You have probably spent time watching and listening to the constant movement of waves breaking on the shore. The movement never stops : waves hit the coast in the morning, daytime and night, making it a constant and reliable source of energy that can be harnessed and plugged into the energy grid.
Among renewable energy sources, wave energy is characteristically one of the most stable and predictable. As waves crashing onto the shore are a culmination of energy collected over thousands of kilometers of winds on the ocean’s surface, the impact of local weather conditions are minor and the changes in the resource are gradual and highly predictable.

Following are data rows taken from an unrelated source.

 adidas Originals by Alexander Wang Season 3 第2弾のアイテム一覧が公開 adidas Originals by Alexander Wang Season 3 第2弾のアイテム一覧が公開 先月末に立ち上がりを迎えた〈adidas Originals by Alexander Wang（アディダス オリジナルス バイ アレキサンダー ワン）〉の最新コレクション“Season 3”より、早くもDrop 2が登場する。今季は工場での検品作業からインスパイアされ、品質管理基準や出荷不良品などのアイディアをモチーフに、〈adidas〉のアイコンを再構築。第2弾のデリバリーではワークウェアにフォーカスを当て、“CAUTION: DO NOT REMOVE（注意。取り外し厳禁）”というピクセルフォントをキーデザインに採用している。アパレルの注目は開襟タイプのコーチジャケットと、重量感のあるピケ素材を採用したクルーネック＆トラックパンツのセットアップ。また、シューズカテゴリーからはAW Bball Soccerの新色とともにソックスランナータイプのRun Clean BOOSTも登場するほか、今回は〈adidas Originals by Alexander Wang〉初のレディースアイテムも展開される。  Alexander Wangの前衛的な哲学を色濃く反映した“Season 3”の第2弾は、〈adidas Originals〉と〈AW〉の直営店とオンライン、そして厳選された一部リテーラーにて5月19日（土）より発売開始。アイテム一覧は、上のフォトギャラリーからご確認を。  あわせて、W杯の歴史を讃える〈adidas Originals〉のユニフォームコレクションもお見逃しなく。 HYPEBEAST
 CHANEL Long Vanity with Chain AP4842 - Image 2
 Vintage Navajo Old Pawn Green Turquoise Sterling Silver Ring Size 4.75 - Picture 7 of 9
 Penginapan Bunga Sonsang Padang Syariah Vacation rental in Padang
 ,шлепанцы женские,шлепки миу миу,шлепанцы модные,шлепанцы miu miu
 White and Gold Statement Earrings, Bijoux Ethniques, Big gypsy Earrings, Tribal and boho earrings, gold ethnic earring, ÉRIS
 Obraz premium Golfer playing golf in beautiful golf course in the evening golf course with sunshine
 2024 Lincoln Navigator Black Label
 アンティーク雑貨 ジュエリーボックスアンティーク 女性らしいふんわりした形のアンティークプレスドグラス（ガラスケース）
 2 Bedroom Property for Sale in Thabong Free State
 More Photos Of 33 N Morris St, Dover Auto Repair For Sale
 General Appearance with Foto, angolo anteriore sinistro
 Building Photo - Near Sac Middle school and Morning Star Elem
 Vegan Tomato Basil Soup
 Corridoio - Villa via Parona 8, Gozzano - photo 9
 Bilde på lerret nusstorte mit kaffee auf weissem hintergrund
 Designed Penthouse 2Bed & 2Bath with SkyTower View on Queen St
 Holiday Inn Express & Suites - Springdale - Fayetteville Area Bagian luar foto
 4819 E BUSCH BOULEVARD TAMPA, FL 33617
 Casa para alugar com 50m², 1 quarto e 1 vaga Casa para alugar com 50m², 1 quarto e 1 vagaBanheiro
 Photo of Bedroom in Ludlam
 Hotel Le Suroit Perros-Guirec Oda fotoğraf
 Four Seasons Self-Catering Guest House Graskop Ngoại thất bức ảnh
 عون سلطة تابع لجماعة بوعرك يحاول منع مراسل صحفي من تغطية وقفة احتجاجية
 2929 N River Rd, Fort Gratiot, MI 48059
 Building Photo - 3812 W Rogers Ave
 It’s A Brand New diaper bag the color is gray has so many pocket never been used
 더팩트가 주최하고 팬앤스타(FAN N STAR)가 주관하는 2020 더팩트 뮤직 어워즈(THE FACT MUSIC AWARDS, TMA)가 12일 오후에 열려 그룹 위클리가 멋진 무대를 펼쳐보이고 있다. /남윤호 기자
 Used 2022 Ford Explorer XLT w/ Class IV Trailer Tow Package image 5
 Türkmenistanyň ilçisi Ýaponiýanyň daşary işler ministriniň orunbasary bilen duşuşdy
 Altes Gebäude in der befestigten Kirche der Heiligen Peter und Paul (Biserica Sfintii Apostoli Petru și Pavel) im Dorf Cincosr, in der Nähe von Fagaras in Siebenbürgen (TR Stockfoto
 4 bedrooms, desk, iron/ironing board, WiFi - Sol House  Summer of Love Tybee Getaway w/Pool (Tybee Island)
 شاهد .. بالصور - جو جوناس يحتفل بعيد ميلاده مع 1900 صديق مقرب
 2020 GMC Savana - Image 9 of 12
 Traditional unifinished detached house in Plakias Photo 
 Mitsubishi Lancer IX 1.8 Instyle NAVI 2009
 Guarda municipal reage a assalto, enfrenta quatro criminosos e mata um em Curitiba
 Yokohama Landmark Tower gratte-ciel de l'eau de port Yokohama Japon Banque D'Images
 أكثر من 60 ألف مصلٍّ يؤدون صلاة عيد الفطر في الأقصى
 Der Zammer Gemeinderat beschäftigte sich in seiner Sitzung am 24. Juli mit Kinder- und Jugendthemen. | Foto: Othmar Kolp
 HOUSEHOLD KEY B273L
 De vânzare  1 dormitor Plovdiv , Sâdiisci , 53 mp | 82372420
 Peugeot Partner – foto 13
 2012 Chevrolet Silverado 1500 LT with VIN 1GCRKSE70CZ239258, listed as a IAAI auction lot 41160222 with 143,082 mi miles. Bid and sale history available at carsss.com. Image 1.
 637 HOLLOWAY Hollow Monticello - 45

Wave energy provides a source of electricity production that can stabilize the energy system by offsetting production shortages from wind and solar power whilst simultaneously increasing decarbonization and bringing additional production capacity online.
Wave energy machines use the sea movement to generate electricity. Some use the power of breaking waves, the movement of the tides or the pressure of the waves on the ocean floor. The energy harnessed can be inserted into the electricity grid and used to power houses and buildings and is complementary to other renewable sources of energy such as solar or wind.
Areas near the oceans are of course the ones who can benefit the most from this type of renewable energy. According to the UN, nearly 2.4 billion people (about 40 per cent of the world’s population) live within 100 km (60 miles) of the coast, meaning that wave power can be an important source of renewable and reliable energy for them.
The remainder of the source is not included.